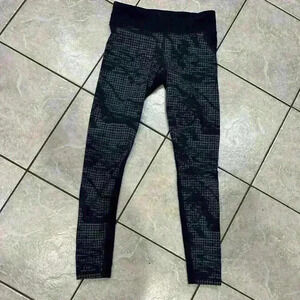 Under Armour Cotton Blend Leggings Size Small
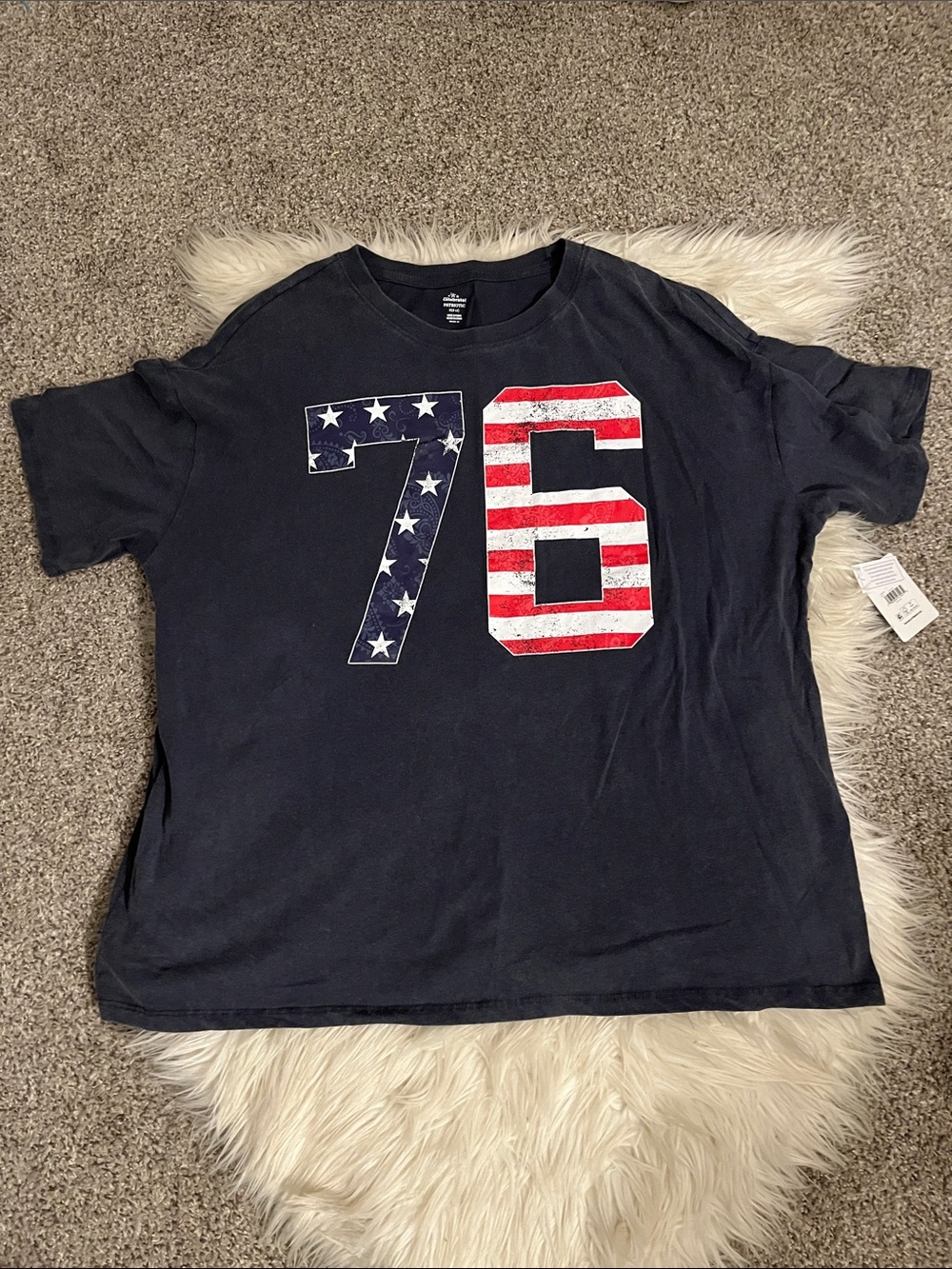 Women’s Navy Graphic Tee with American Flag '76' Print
--
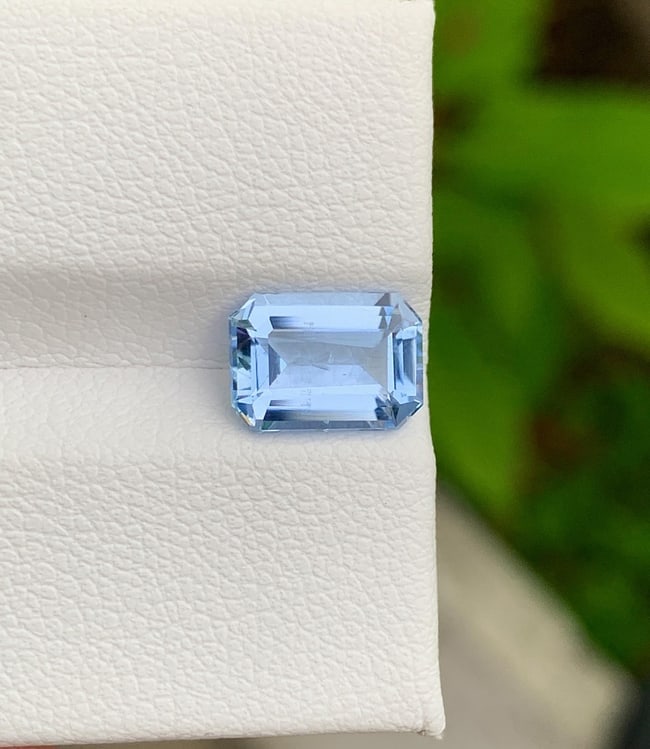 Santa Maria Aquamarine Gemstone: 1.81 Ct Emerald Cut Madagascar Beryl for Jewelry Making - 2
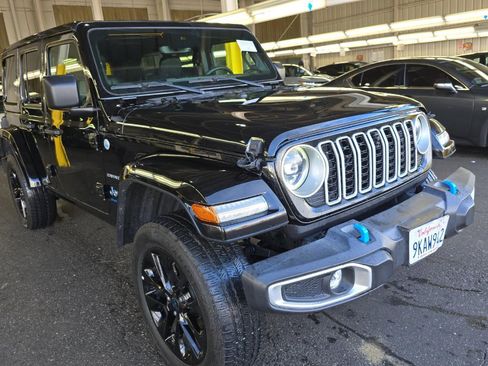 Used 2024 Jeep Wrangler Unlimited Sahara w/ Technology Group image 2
* * *
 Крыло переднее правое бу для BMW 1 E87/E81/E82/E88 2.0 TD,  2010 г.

● **Problem description**
The result should be an exact copy of only the lines above from the one that holds "Under Armour Cotton" through the one that holds "Women’s Navy Graphic", both ends included, without pictures.

● **Solution for this problem**
 Under Armour Cotton Blend Leggings Size Small
 Women’s Navy Graphic Tee with American Flag '76' Print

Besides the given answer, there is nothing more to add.